# L carnitine the PERFECT drug for keto diet?



## standardflexer (Jul 16, 2008)

Received L carnitine two days ago started a diet where carbs are sometimes non existant do you think L carnitine will help me greatly with using fats for energy?

Does anyone else currently use l carntine for keto?

Type error on drug I meant amino acid!


----------



## xpower (Jul 28, 2009)

Carnitine needs insulin to drive it into the cell iirc.

So best used in conjunction with a carb drink or.. 1-2 iu of slin & some protein post workout


----------



## standardflexer (Jul 16, 2008)

Just to point out its not a drug, this low carbs is a first for me lol effecting my head

Ye so maybe proper load up on it with post workout drink with vitargo?


----------



## ausbuilt (Nov 22, 2010)

i used it every day on my keto diet- along with 3iu of 'slin (Carbless) pwo. I used 3g/day.


----------



## ausbuilt (Nov 22, 2010)

standardflexer said:


> Just to point out its not a drug, this low carbs is a first for me lol effecting my head
> 
> Ye so maybe proper load up on it with post workout drink with vitargo?
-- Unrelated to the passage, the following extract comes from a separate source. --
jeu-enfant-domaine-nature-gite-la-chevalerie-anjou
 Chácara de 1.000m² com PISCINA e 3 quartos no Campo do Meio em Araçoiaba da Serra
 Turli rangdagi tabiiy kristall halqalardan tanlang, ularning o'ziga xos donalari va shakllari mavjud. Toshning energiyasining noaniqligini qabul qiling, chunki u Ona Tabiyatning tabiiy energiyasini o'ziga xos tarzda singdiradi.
carnitine only helps transport fats to be used for energy in the absence of carbs- if you take it with carbs/vitargo.. waste of time.


----------



## T_Woody (Jul 16, 2008)

ausbuilt said:


> carnitine only helps transport fats to be used for energy in the absence of carbs- if you take it with carbs/vitargo.. waste of time.


My shake has Lcarnitine in it along with others, obviasly the shake has minimal carbs, how minimal are we talking that it would become useless?


----------



## ausbuilt (Nov 22, 2010)

T_Woody said:


> My shake has Lcarnitine in it along with others, obviasly the shake has minimal carbs, how minimal are we talking that it would become useless?


carnitine has no function in glycolysis:

http://en.wikipedia.org/wiki/Glycolysis

but, carnitine has a DIRECT role in Ketosis:

http://www.nejm.org/doi/full/10.1056/NEJM198001103020223

http://www.ncbi.nlm.nih.gov/pubmed/572000

what you can draw from this is ketosis uses carnitine stores, so supplementing is important on a ketogenic diet.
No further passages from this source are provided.